One of the questions often considered by anyone who has to pay tax bills to the ATO is ‘how do I earn the most points on this transaction?’.
There isn’t a set answer — cards keep changing. We’ve attempted to compile a list of cards that allow points to be earned when paying your tax bill.
Many banks explicitly prohibit earning points on these types of transactions, and this is a trend that’s becoming increasingly common.
In this guide, we cover off the current list of cards, their notable terms and restrictions, and a small number of points-earning alternative payment options.

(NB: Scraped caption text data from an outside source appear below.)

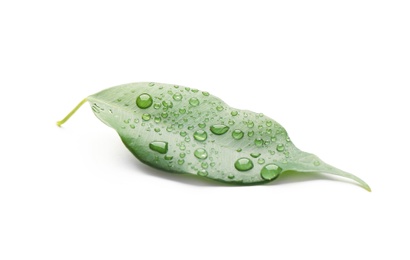 Photo of Fresh green ficus leaf on white background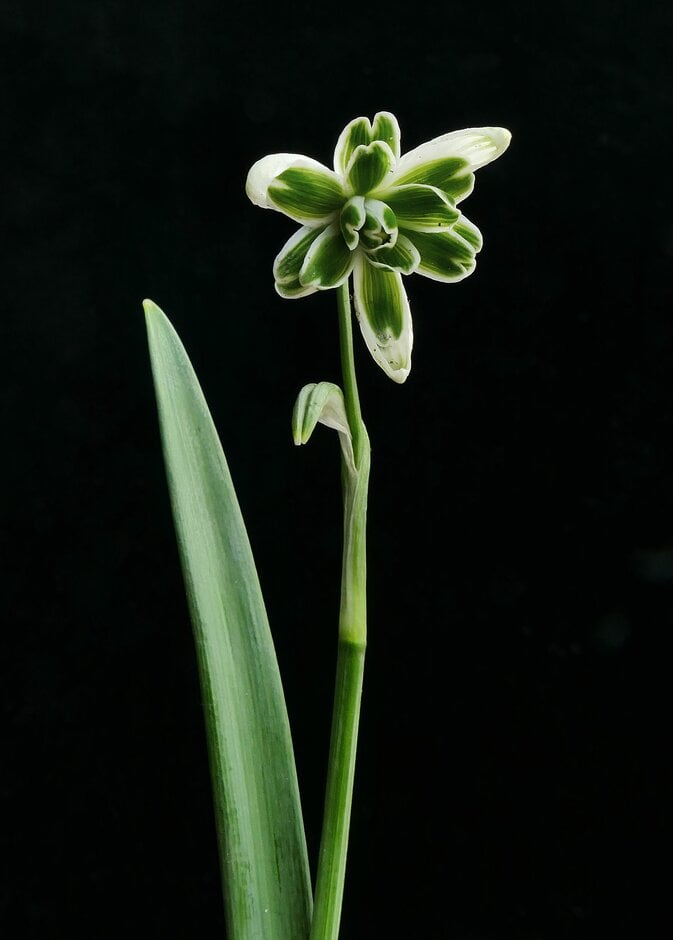 snowdrop 'Blewbury Tart'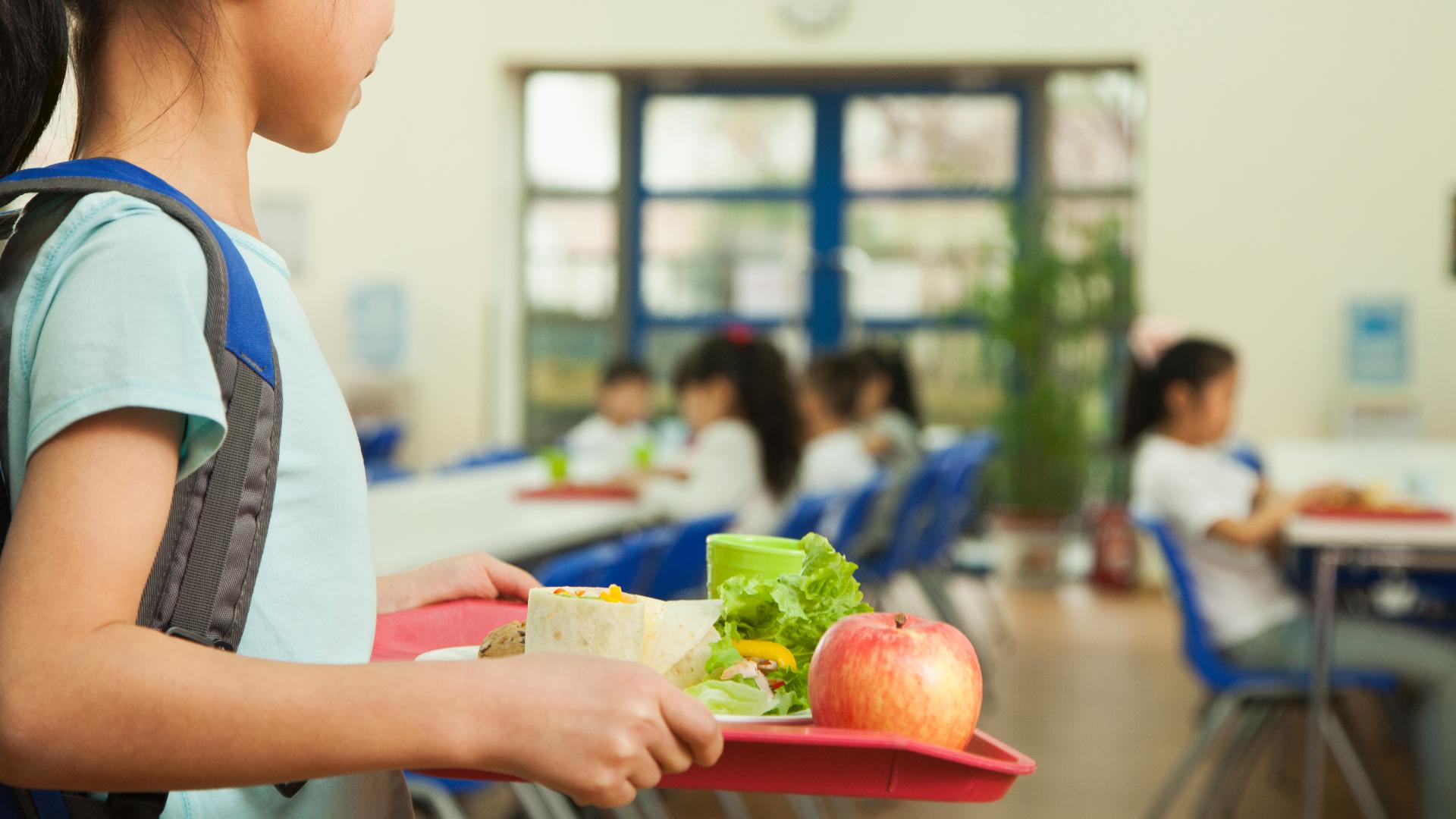 Iowa governor announces new $900K summer meal grant program 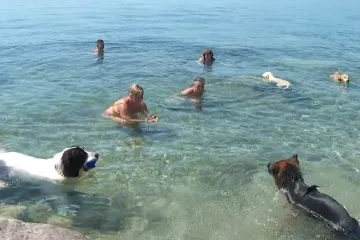 Ovih dana svi tražimo način kako se rashladiti... A što po pasjim vrućinama rade - psi? 'Obožava more, ljeto, sve...'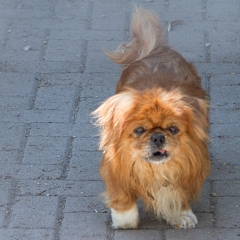 Tonny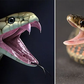 How to tell the difference between poisonous and non-poisonous snakes [reddit]
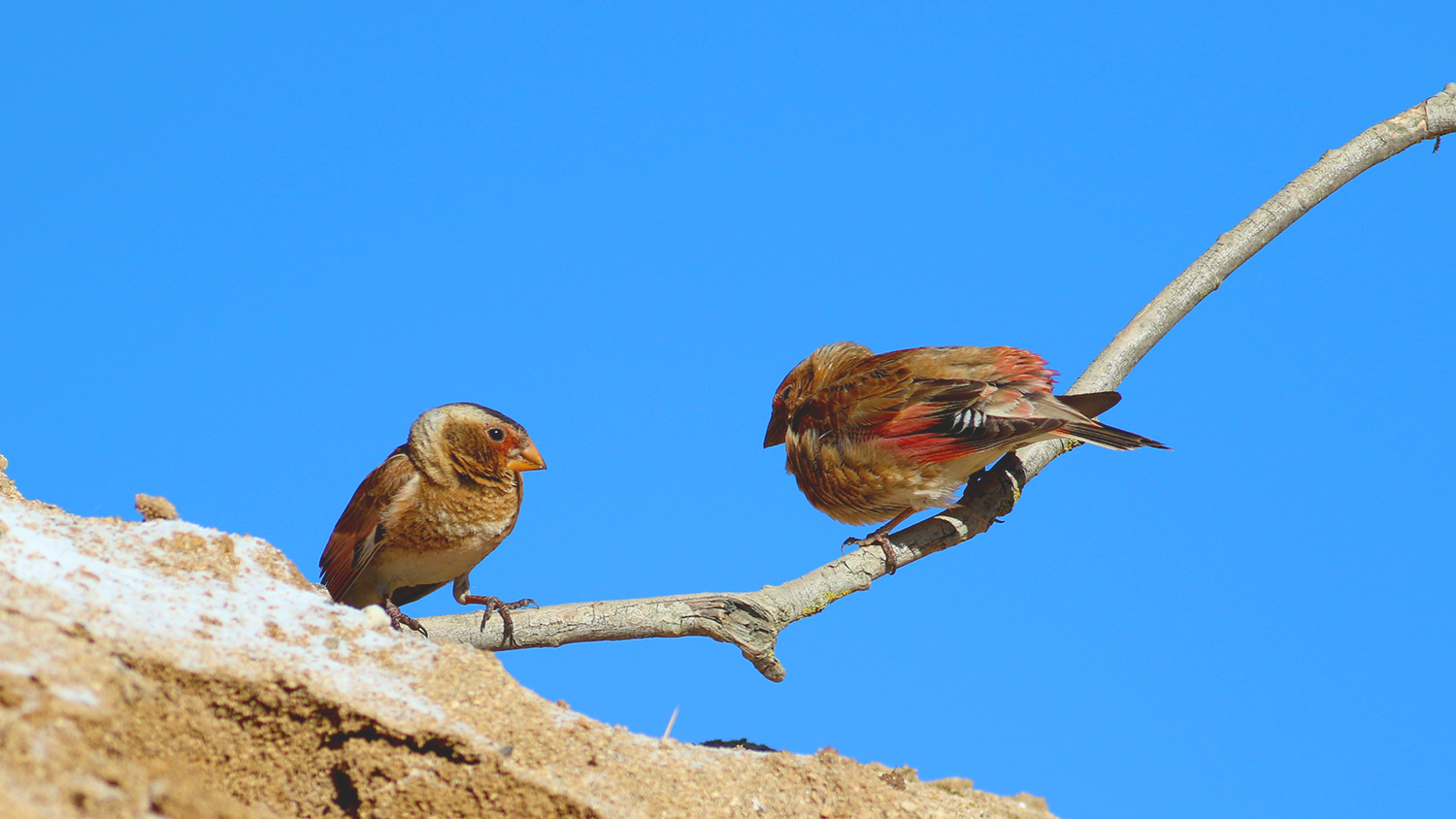 Crimson-winged Finch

Caveats and disclaimers with this guide
- Do your own research by reading the credit card and rewards program PDS documents, asking the relevant bank and comparing your research with other online sources.
- We have tried to make this list as complete and as accurate as possible. If we do miss a card, have an error in our calculations or made a mistake in the research, please let us know in the comments.
- There are legitimate reasons for having to pay the ATO as either a personal entity or as a business entity. Many banks prohibit unreasonable amounts of business transactions on personal cards. We have tried to note the relevant terms and conditions of different bank rewards programs below.
- We recommend considering a specific business credit card that explicitly permits points earn at the ATO if you have a high volume of business-related transactions.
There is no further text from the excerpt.